2. Les conditions de délai

L'article 38 de la Constitution prévoit deux délais, tous deux déterminés par la loi d'habilitation : celui pendant lequel le Gouvernement est autorisé à prendre, par ordonnance, des mesures qui relèvent normalement du domaine de la loi et, le délai au cours duquel, les ordonnances ayant été publiées, le Gouvernement doit déposer devant le Parlement un projet de loi de ratification afin d'éviter que celles-ci ne deviennent caduques.

En vertu de l'article 38 précité, le premier délai, soit celui pendant lequel peuvent intervenir les ordonnances, est « limité ». Le plus souvent comprise entre trois et dix-huit mois, la durée du délai d'habilitation a eu tendance à s'allonger au cours des dernières années.

Il semble que le caractère limité du délai considéré doive être apprécié au regard de la finalité justifiant l'habilitation et de l'étendue du champ couvert par celle-ci. La jurisprudence n'a cependant pas été conduite à préciser la notion de « délai limité ».

Pendant ce premier délai, généralement désigné comme le délai d'habilitation, le Parlement se trouve dessaisi : la capacité de légiférer dans les matières visées par la loi d'habilitation en vue d'atteindre l'objectif fixé est transférée au Gouvernement et ce dernier peut s'opposer à toute tentative parlementaire contrevenant à la délégation donnée : le premier alinéa de l'article 41 de la Constitution dispose en effet que « s'il apparaît au cours de la procédure législative qu'une proposition ou un amendement [...] est contraire à une délégation accordée en vertu de l'article 38, le Gouvernement peut opposer l'irrecevabilité ».

Si cette disposition contraint l'initiative parlementaire pendant le délai d'habilitation, c'est-à-dire tend à prévenir toute immixtion dans le domaine délégué, et permet en conséquence au Gouvernement de faire respecter les frontières de l'habilitation, on peut s'interroger sur la possibilité pour le Parlement de modifier le champ de la délégation précédemment accordée.

Par ailleurs, le Conseil constitutionnel ne sanctionne pas l'intervention du législateur dans un domaine ayant fait l'objet d'une habilitation, dès lors que le Gouvernement n'a pas eu recours à la procédure d'irrecevabilité prévue à l'article 41 de la Constitution au cours du débat parlementaire 63 ( * ) .

À l'expiration du délai d'habilitation , le Gouvernement ne peut plus prendre d'ordonnance : toute ordonnance dont la date de signature est postérieure à la date d'expiration du délai serait entachée d'illégalité comme émanant d'une autorité incompétente.
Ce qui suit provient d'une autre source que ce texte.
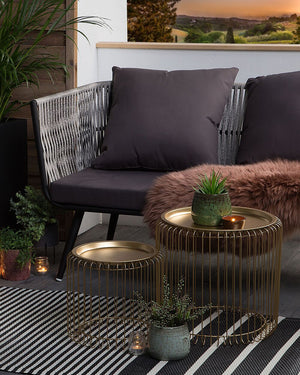 Tappeto per esterno Mat Nero sintetico 90 x 180 cm a righe motivo geometrico ecologico moderno minimalista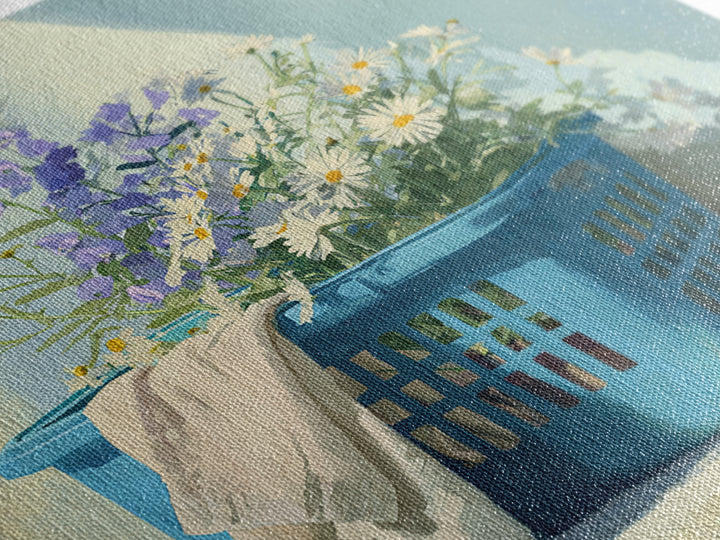 Blue Laundry Basket Framed Canvas Print, Laundry Room Art, Fine Art Print, Living Room Decor, Fine Art, Clean, Painting, LRA-1x1-53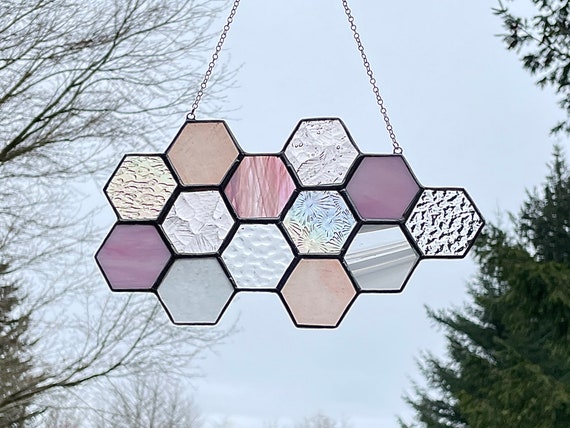 Pink, Clear & Iridescent Honeycomb Suncatcher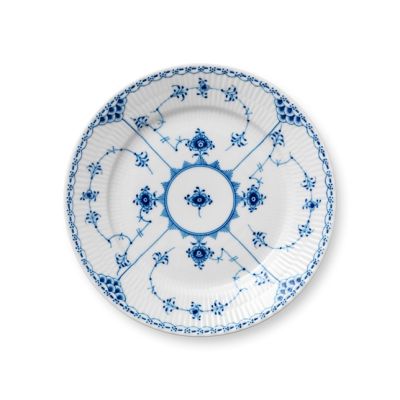 Royal Copenhagen / Blue Fluted Half Lace / set 6 piatti frutta 22 cm / porcellana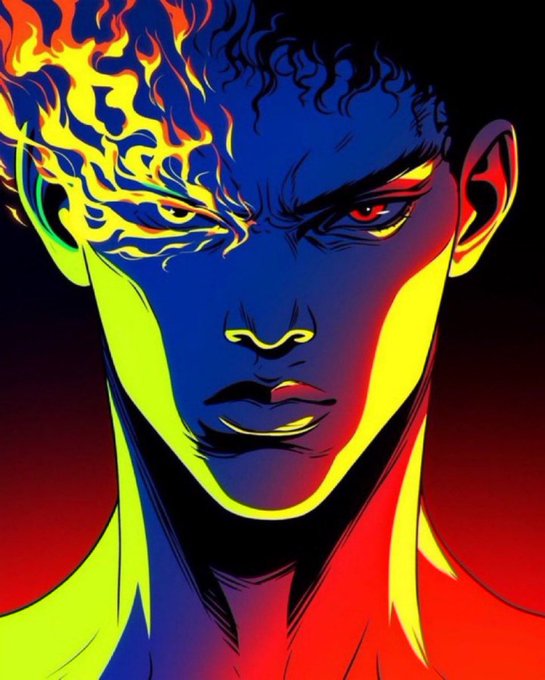 The image features a man with red eyes looking directly at the camera while wearing a neon-colored suit that appears to be glowing. The man has a serious expression as he stares intently into the camera, suggesting a powerful or intense scene. In the background of the photo, there is text that reads "Good afternoon Legends, Starships, Future Millionaires, Builders, Freedom fighters. Happy Sunday I think it'S art. Believe, Create, Build, Explore, Grind, Try Again and Again, Restrategize, Refocus, Restart Circle frozen roughly $12.6 million in USDC early Saturday morning by". This text provides context to the man's appearance and the content of the image.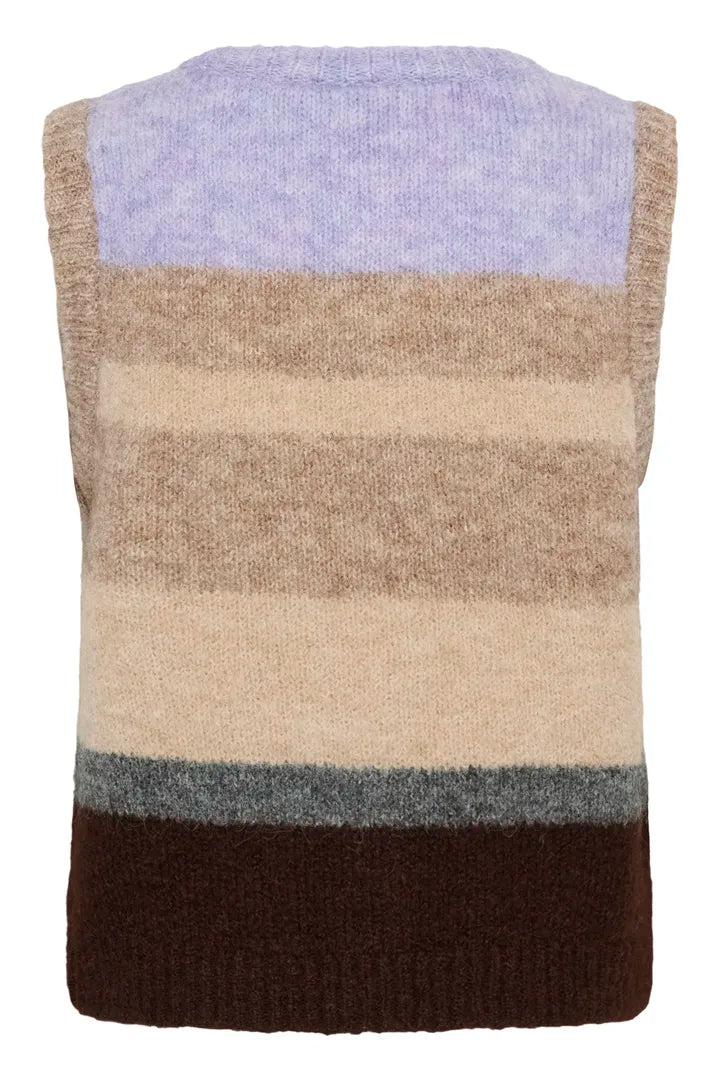 Seraphina Knit Vest, Chocolate Lilac Multi Stripe
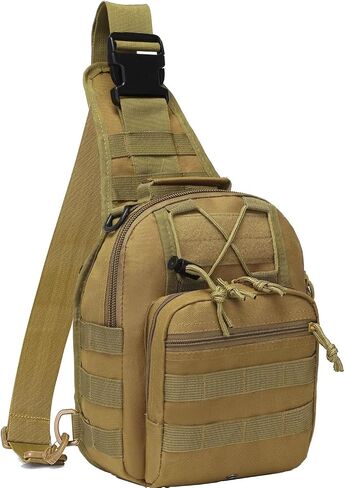 حقيبة حبال تكتيكية، حقيبة كتف عسكرية متينة للاستخدام الخارجي، حقيبة كتف EDC Crossbody Daypack للسفر والرحلات (بني) in Saudi Arabia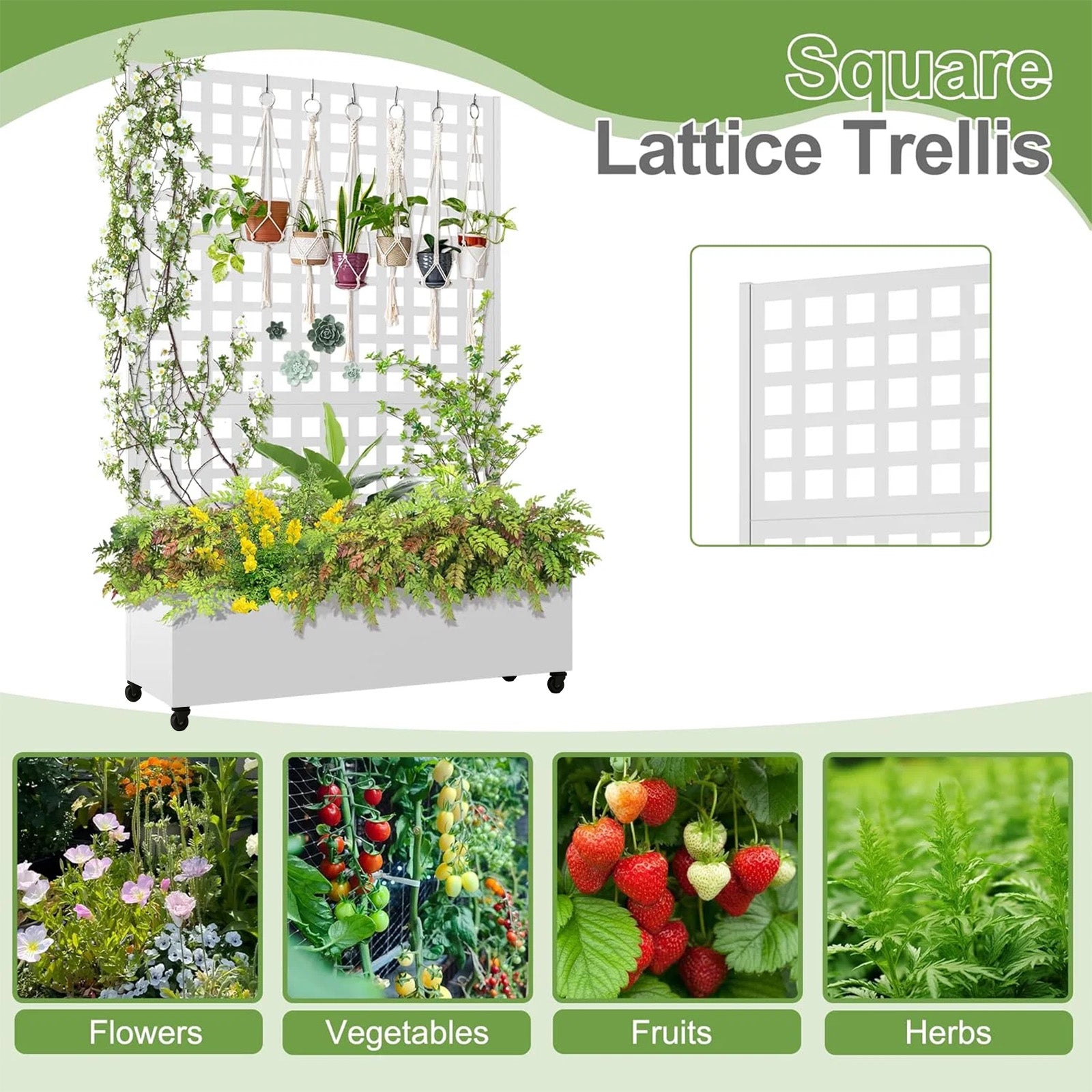 Garvee Maceta de Jardín con Trepadero Metálico Patrón de Hojas 3 Paneles Ajustables 120x40x180 cm Profundidad 30 cm Fácil Montaje para Jardín y Terraza Blanco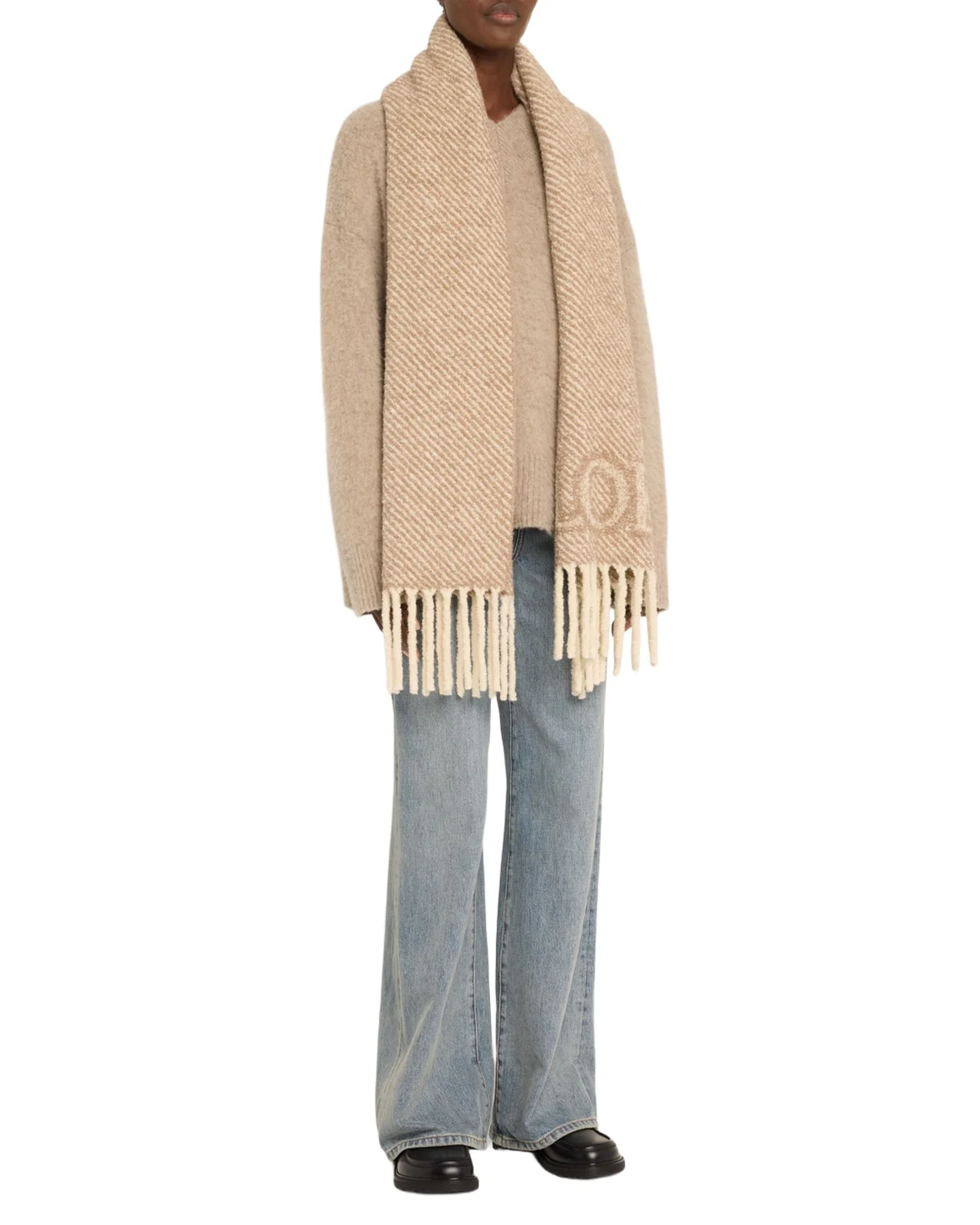Logo Fringe Wool-Blend Scarf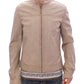 Elegant Beige Leather Lambskin Jacket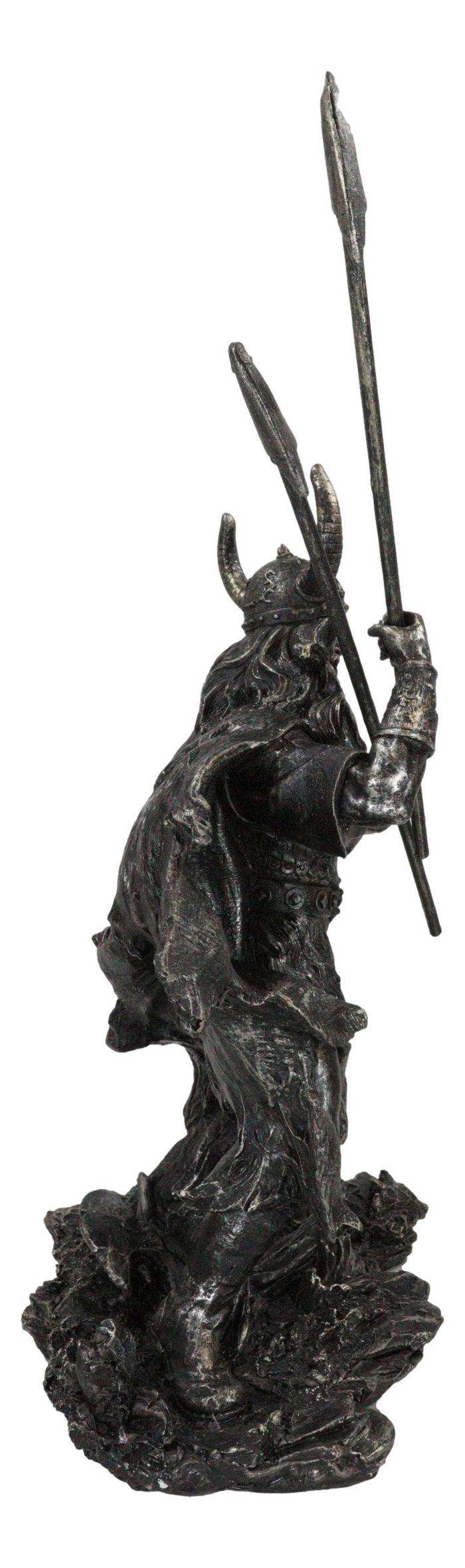 Ebros Gift Viking Norse God Odin Alfather With Horned Helm Holding Javelin Spears Figurine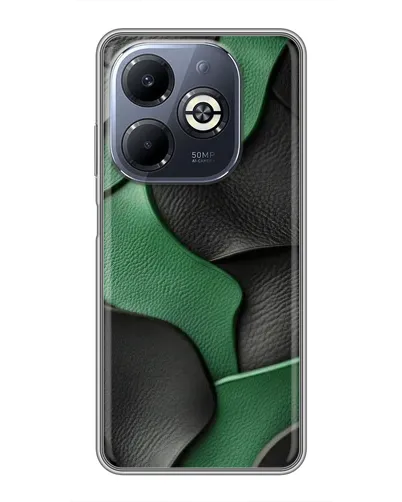 Чехол для Infinix Smart 8 Plus с картинкой «Зеленые кожаные волны»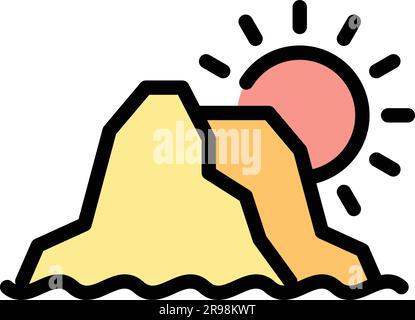 Konturvektor des Inselbergsymbols. Der Himmel über dem See. Insel Berg Sonnenaufgang flach Stock Vektor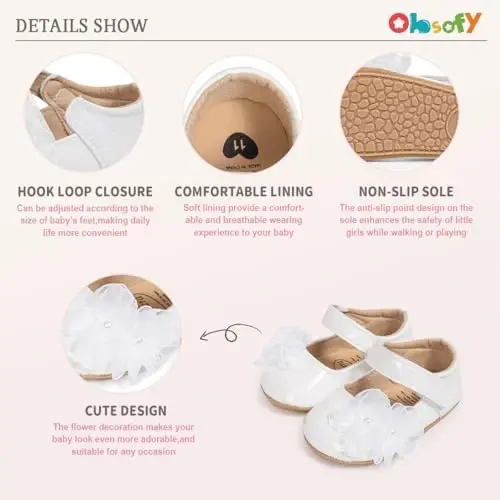 ohsofy Infant Baby Girls Mary Jane Flats Non-Slip Bowknot Princess Wedding Dress Shoes Toddler Crib Shoes - 5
Le second délai visé par l'article 38 de la Constitution est celui imparti par la loi d'habilitation au Gouvernement pour déposer devant le Parlement , à peine de caducité des ordonnances prises, un projet de loi de ratification . Ce délai est usuellement de quelques mois soit à compter de l'entrée en vigueur de la loi d'habilitation elle-même, soit, de plus en plus souvent, à compter de celle des ordonnances concernées.

Le Conseil d'État a déjà été conduit à constater la caducité d'une ordonnance. Saisi d'un recours pour excès de pouvoir contre l'ordonnance n° 2002-327 du 7 mars 2002 portant adaptation de la législation aux transports intérieurs dans les départements de Guadeloupe, de Guyane et de Martinique et création d'agences des transports publics de personnes dans ces départements, il a déclaré le recours devenu sans objet dans la mesure où l'ordonnance était frappée de caducité du fait de l'absence de dépôt d'un projet de loi de ratification avant la date butoir du 30 juin 2002.

La caducité conduit à la disparition de l'ordonnance de l'ordonnancement juridique et au rétablissement de l'état du droit qui avait cours avant l'entrée en vigueur de celle-ci 64 ( * ) .

* 63 Décision n° 86-224 DC du 23 janvier 1987 sur la loi transférant à la juridiction judiciaire le contentieux des décisions du Conseil de la concurrence, qui modifiait les dispositions d'une ordonnance avant l'expiration du délai d'habilitation.

* 64 Décision du Conseil constitutionnel n° 86-208 DC des 1 er et 2 juillet 1986 sur la loi relative à l'élection des députés et autorisant le Gouvernement à délimiter par ordonnance les circonscriptions électorales.